- TASK TO COMPLETE -
Once you have located the line containing "UASD gradúa 1,577 profesionales en La Romana" in the material below, return it exactly along with each line after it through the line containing "Komoda drewniana ze".

- DATA FOR REVIEW -
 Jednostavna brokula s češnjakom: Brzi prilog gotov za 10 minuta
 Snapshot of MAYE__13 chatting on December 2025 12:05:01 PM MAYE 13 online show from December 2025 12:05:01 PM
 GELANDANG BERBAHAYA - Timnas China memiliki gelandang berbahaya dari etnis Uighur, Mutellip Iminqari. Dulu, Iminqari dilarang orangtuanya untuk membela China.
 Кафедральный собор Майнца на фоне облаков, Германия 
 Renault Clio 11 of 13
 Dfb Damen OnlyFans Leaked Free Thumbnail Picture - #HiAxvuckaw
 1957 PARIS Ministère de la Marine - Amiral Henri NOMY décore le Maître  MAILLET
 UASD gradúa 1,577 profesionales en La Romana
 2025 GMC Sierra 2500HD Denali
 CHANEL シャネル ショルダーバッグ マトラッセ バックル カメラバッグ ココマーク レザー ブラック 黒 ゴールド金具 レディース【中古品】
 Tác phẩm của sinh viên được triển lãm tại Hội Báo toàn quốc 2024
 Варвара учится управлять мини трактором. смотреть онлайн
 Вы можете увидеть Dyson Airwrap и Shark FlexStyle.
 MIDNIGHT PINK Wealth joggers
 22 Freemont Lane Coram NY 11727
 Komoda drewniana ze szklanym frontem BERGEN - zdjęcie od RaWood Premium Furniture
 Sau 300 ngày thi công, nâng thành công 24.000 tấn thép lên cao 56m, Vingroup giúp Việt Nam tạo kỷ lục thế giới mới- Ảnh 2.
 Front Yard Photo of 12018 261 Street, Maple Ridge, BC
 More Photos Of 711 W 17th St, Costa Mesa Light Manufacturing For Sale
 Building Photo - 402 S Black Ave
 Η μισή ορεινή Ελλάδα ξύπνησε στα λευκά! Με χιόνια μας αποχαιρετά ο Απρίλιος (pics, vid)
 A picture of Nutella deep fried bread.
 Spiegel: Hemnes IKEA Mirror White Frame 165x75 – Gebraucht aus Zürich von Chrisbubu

- ANSWER TO THE PROBLEM -
 UASD gradúa 1,577 profesionales en La Romana
 2025 GMC Sierra 2500HD Denali
 CHANEL シャネル ショルダーバッグ マトラッセ バックル カメラバッグ ココマーク レザー ブラック 黒 ゴールド金具 レディース【中古品】
 Tác phẩm của sinh viên được triển lãm tại Hội Báo toàn quốc 2024
 Варвара учится управлять мини трактором. смотреть онлайн
 Вы можете увидеть Dyson Airwrap и Shark FlexStyle.
 MIDNIGHT PINK Wealth joggers
 22 Freemont Lane Coram NY 11727
 Komoda drewniana ze szklanym frontem BERGEN - zdjęcie od RaWood Premium Furniture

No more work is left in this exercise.